Proceeds from the offering will support ongoing and planned clinical trials with SYK kinase inhibitor R788. Rigel started a Phase II ascending-dose trial of the drug in rheumatoid arthritis last fall, and so far it appears to be well tolerated, although top-line data aren't expected until the second half of this year. Rigel also recently began an exploratory Phase II trial of R788 in immune thrombocytopenia purpura, and the initial data demonstrating raising platelet counts prompted the company to expand the trial. Top-line data now are expected by the end of the year.
Just last month, Rigel initiated a third program with R788, this time a Phase I/II trial in B cell lymphoma. The company expects interim results in the second half of this year and top-line data next year.

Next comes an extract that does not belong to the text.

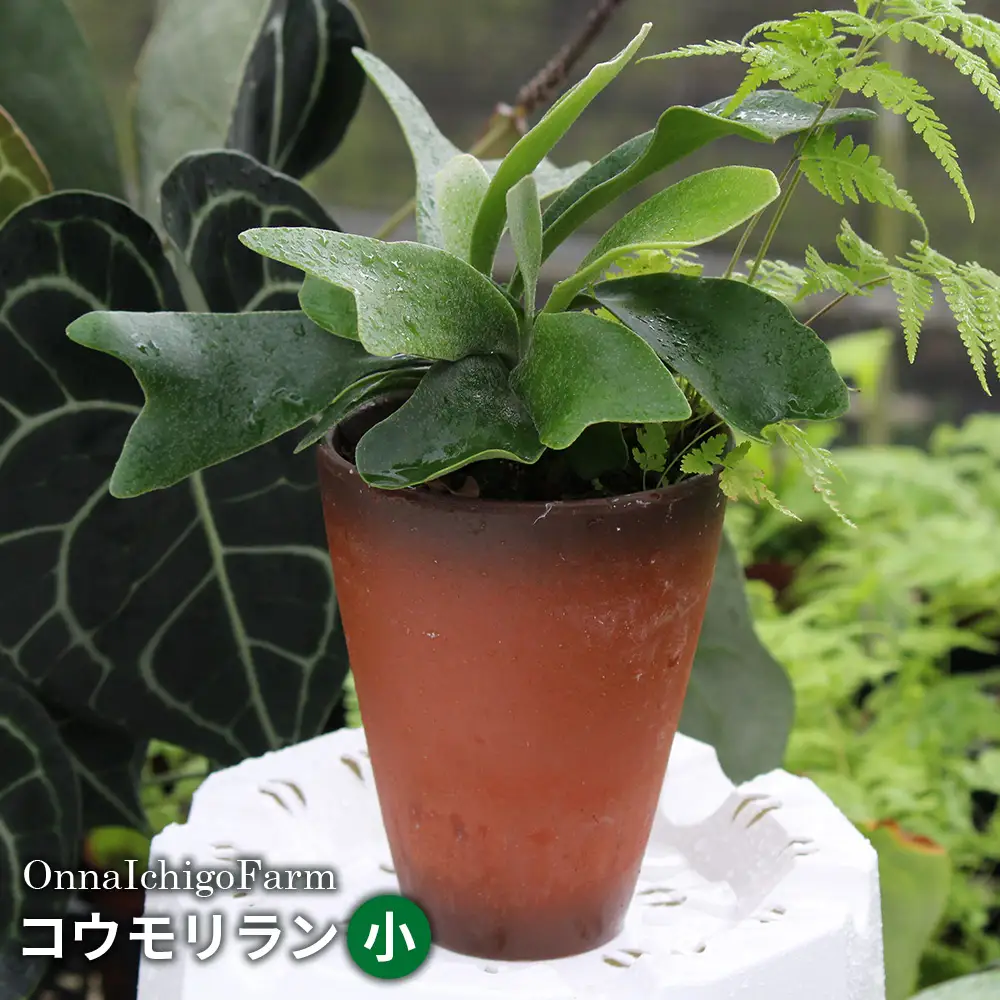 【OnnaIchigoFarm】コウモリラン　小 沖縄 コウモリラン ビカクシダ 室内植物 屋外植物 ヘゴ板 室内緑化 植物インテリア 観葉植物 沖縄産 プラントギフト 緑のある暮らし 園芸用品 インテリアプランツ 根付き植物 人気 ヘゴの木 おすすめ 送料無料 恩納村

Beyond R788, Rigel remains committed to its goal of filing one new investigational new drug application each year - a goal Rodriguez said it has met since 2002. In 2007, that filing will come from R348, the recently-identified lead compound in Rigel's JAK3 kinase inhibitor program. A Phase I trial in rheumatoid arthritis is slated to begin this year, with a trial in psoriasis on deck.
And Rigel is planning for 2008 as well, when it expects to file an IND with an AXL kinase inhibitor for solid tumors and endometriosis. Positive data in animal models of oncology with lead compounds from the program were presented at the American Association for Cancer Research meeting last month, where Rodriguez said they generated a "really high level of interest."
He also pointed to data presented earlier this year with an anti-HIV candidate from Rigel's preclinical ubiquitin ligase program, an emerging field he defined as "where kinases were 10 years ago." All of Rigel's compounds are generated internally. "We've been very successful in discovering novel products," Rodriguez said.
So successful, in fact, that Rigel lends its discovery prowess to partners such as Janssen Pharmaceutica NV, Novartis Pharma AG, Daiichi Pharmaceuticals Co. Ltd., and Merck & Co. Inc. Rigel also out-licensed its aurora kinase inhibitor program, now in Phase I for cancer, to Merck Serono SA and its preclinical inhaled SYK kinase inhibitor program to Pfizer Inc. (See BioWorld Today, Jan. 21, 2005, and Oct. 26, 2005.)
As for R788 and R348, Rodriguez said Rigel will not partner them in the near term, instead planning to carry them "through Phase II" and into Phase III. But some of the earlier-stage programs are up for grabs. Rodriguez said Rigel is "speaking to partners" about a JAK2 program for myeloproliferative disorders and other cancers, as well as other programs.